The Spiral Promenade is the one that separates the dancers from the walkers. Here's what happens: the leader guides the follower into a spiral, and the follower's body twists and turns through space while maintaining this impossibly long line. Sounds elegant. Looks gorgeous on video. In practice, if your basic frame is weak, you'll collapse in the middle of the figure and it will look like you're trying to untangle yourself from a shopping cart. I destroyed this figure dozens of times before Margarethe made me drill just the frame transitions for an entire lesson. No stepping. No turning. Just holding the shape. It was boring as hell and absolutely essential.
The Contra Check is where drama lives—if your timing is clean. The leader throws the follower into a sharp check position, then pivots them in the opposite direction with this snap that should make the audience gasp. The version I learned first made the audience yawn. My timing was late by a beat and my connection felt like I was pulling a wagon. Took me four months to understand that the check isn't about power—it's about precision. You can't muscle your way to a good contra check any more than you can bully your way to a perfect pirouette.
The Open Telemark requires flexibility and strength in equal measure. Both partners need to be able to hold an extended shape while moving through space, which means your core has to be doing work that your legs aren't even aware of. I could barely hold my telemark for three seconds when I first tried it. Now I can hold it through an entire phrase of music—but only because I finally took Margarethe's advice and started doing planks every morning. Yes, planks. The same exercise your physio gives you after a back injury. ballroom dancers hate admitting how much core work matters. I hated admitting it too. Now I do my planks.
---
The three worlds of advanced ballroom
Once your technique stops feeling like a foreign language, you get to choose which world you want to live in. These aren't just categories—they're entire philosophies of movement.
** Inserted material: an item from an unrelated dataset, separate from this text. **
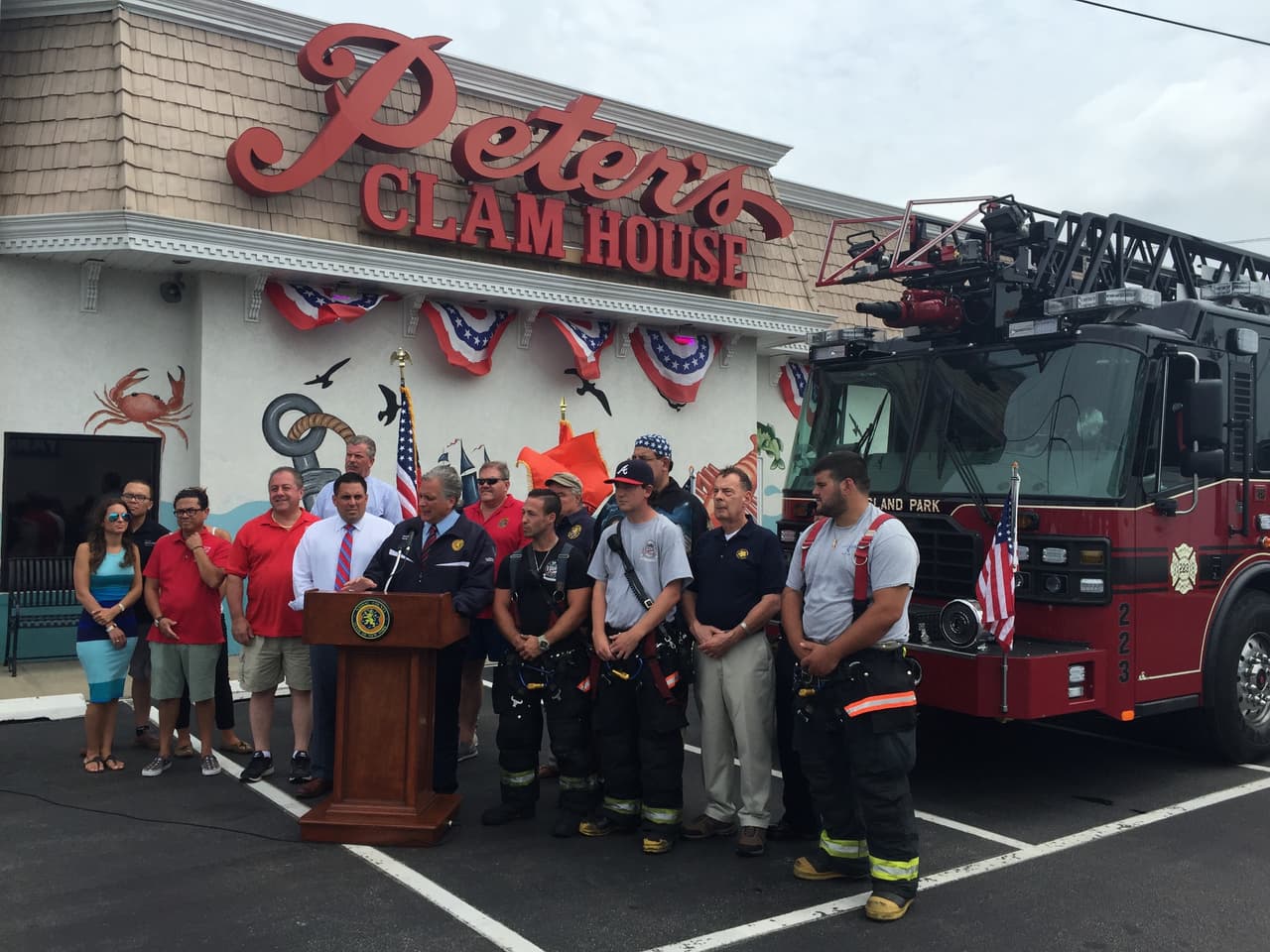 Peter’s Clam Bar organiza el concurso desde el año 2014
International Standard is where elegance goes to be tested. The Waltz, Foxtrot, and Viennese Waltz demand this pristine footwork and these impossibly smooth transitions that make the whole thing look effortless. It isn't. The amount of control required to do a slow waltz and make it look like you're floating is genuinely insane. I watched a champion couple compete once and my jaw literally dropped during their whisk. Not because they did anything flashy—but because every gram of excess tension had been removed from their bodies. They looked like they'd never worked a day in their lives. I know for a fact they rehearsed four hours that morning.
International Latin is where passion becomes technique. The Cha-Cha, Samba, and Paso Doble are all about sharp isolations and this raw energy that the body has to produce on command. I came from a Standard background and Latin absolutely destroyed me. Everything I'd learned about smooth, continuous movement had to be unlearned. You can't hide in Latin. Every contraction of your hip, every snap of your knee—they're all visible. Margarethe used to say that Standard reveals who you've trained with, but Latin reveals who you actually are. She wasn't wrong.
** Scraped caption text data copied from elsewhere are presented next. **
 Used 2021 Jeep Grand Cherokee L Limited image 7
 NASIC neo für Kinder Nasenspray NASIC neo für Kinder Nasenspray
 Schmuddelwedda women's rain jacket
American Smooth is the playground where the rules get bent. Waltz, Tango, and Foxtrot done with the freedom to break frame, open up, and create shapes that International Standard would call illegal. I love American Smooth because it rewards musicality in a way that the international styles sometimes don't. You're allowed to breathe. You're allowed to pause. You're allowed to let the music actually land in your body before you move. It's the style I come back to when Standard starts feeling like a prison.
---
The unglamorous parts nobody talks about
Here's the secret nobody puts in the blog posts: advanced ballroom is 80% drilling things you already know how to do, and 20% figuring out why they stopped working.
Private lessons are worth every penny, but only if you stop performing for your instructor. I used to spend half my lessons showing Margarethe what I thought she wanted to see. The moment I started actually asking questions—"Why does this fall apart when the tempo changes?" "What am I missing in my frame?"—things shifted. She could finally see what I was actually doing instead of what I was trying to show her.
Practice sessions with your partner need to be boring. I'm not joking. The sessions where you think you're nailing it are usually the sessions where you're reinforcing mistakes. The sessions where you slow everything down and fight through the awkwardness are the sessions that actually move you forward. My partner and I have a rule now: we don't move on until the figure works at half speed. Sometimes that means we spend forty-five minutes on a single promenade. It's frustrating. It works.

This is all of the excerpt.